Depressive disorders afflict almost 10 percent of the United States population, but the incidence of depression among women is about twice that of men. Now, a new study published in the scientific journal Brain, Behavior, and Immunity provides preliminary evidence that this difference is related to immune function.
The research also could help explain why women who use hormonal contraception face an increased risk of depression.
“Some molecules released in the brain in response to inflammation in the body can help protect neurons by promoting the health of these cells,” explained study author Jonathan Savitz, principal investigator at the Laureate Institute for Brain Research and a professor at the University of Tulsa. “These molecules are considered to be ‘neuroprotective’. However, other molecules produced by inflammation can have harmful effects, i.e. are ‘neurotoxic’.”
“Two different molecules produced by inflammation, kynurenic acid (KynA), which is neuroprotective, and quinolinic acid (QA), which is neurotoxic, have different effects at NMDA receptors in the brain,” Savitz said. “We have consistently found reduced concentrations of KynA in the serum of people with depression.”
“Further, greater levels of neurotoxic kynurenine metabolites were consistently associated with structural and functional brain abnormalities in individuals with depression. Thus, we and others have hypothesized that abnormal kynurenine metabolism may be a final common pathway through which inflammation leads to depression.”
“We found large sex differences, with lower levels of neuroprotective metabolites in females,” Savitz explained. “This is interesting given that females and males differ substantially in immune function and the incidence of depression is approximately twice as high in females versus males.”
In their new study of 130 men and 350 women, the researchers found that both the healthy and depressed women had significantly lower levels of kynurenic acid compared to men. In addition, women using oral contraceptives had a greater reduction in kynurenic acid compared to women who were not on any form of hormonal birth control.

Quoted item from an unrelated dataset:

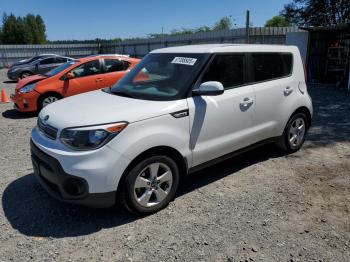  Salvage Kia Soul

“Historically, the greater rate of depression in females has been attributed to psychosocial and hormonal factors. However, given the significant differences in immune function between males and females (there are many papers on this topic), the immune system or an interaction between the immune system and other factors (e.g. hormonal) may partly explain sex differences in the epidemiology of depression.”
However, the design of the study prevents the researchers from making any conclusions about cause and effect.
“This was a cross-sectional study and thus the results are correlational, not necessarily causal,” Savitz said. “Second, we did not control for type of oral contraceptive or the length of time on oral contraceptives. Third, the sample size for the menstrual phase analysis was too small to draw any conclusions.”
But additional studies could help mental health professionals determine how immune function relates to depression.
“This is a finding worth following up on. Large scale epidemiological studies or prospective designs are needed to take this research further,” Savitz remarked.
The study, “Kynurenic acid is reduced in females and oral contraceptive users: Implications for depression“, was also co-authored by Timothy B. Meier, Wayne C. Drevets, T. Kent Teague, Brent E. Wurfel, Sven C. Mueller, Jerzy Bodurka and Robert Dantzer.